Wow. She's pretty, she goes fishing with you and she actually handles the fish.

You one lucky dude.


----------



## hopn (Jul 5, 2012)

How many pounds did that carp weigh? wow, nice one.


----------



## seacer (Dec 9, 2012)

You're killing us with the girl friend shoots!


----------



## Bass-Tracker (Dec 23, 2013)

seacer said:


> You're killing us with the girl friend shoots!


You can say that again.............sad but true.

.


----------



## ComeFrom? (May 21, 2004)

Great pic. Very pretty girl. Did you take her to the drive-thru car wash that afternoon?
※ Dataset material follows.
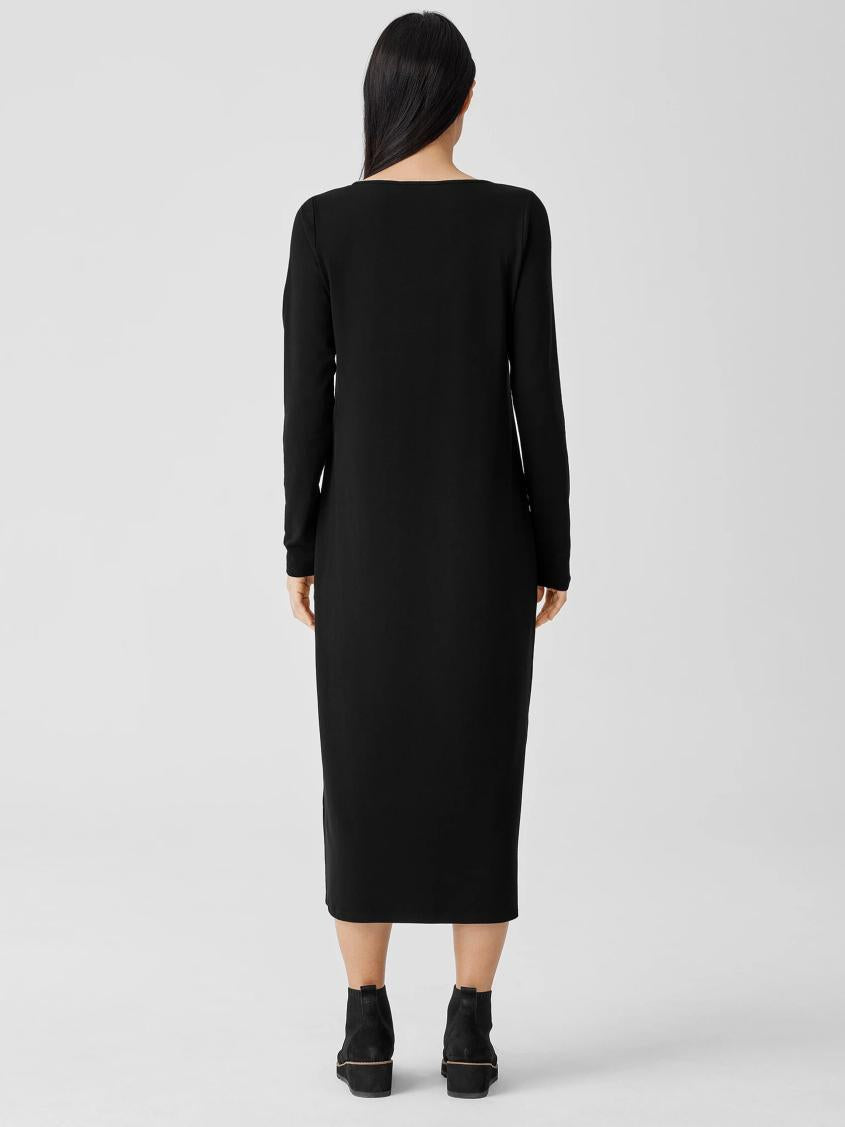 Eileen Fisher Dresses &amp; Skirts | Stretch Jersey Knit Jewel Neck Dress Black - Women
CF?


----------



## cva34 (Dec 22, 2008)

She's your best Catch..always!!! nice fish too


----------



## Sunbeam (Feb 24, 2009)

That is one huge grass carp. I like her sun glasses too.


----------



## snapperlicious (Aug 11, 2009)

I guess we'll never know if she fishes topless with you!


----------



## Gfish (Aug 31, 2009)

What Carp??????? I didn't see no carp!


----------



## Whitebassfisher (May 4, 2007)

That water sure looks like good LMB habitat.


----------



## 4 Ever-Fish N (Jun 10, 2006)

Very pretty smile and a very ugly fish.


----------



## Ken.Huynh (May 30, 2014)

I bet that fish just jumped in the boat and yall didn't really fished for it huh?

Lucky fish to be holded like that. 

Nice catch btw. On the fish and gf.


----------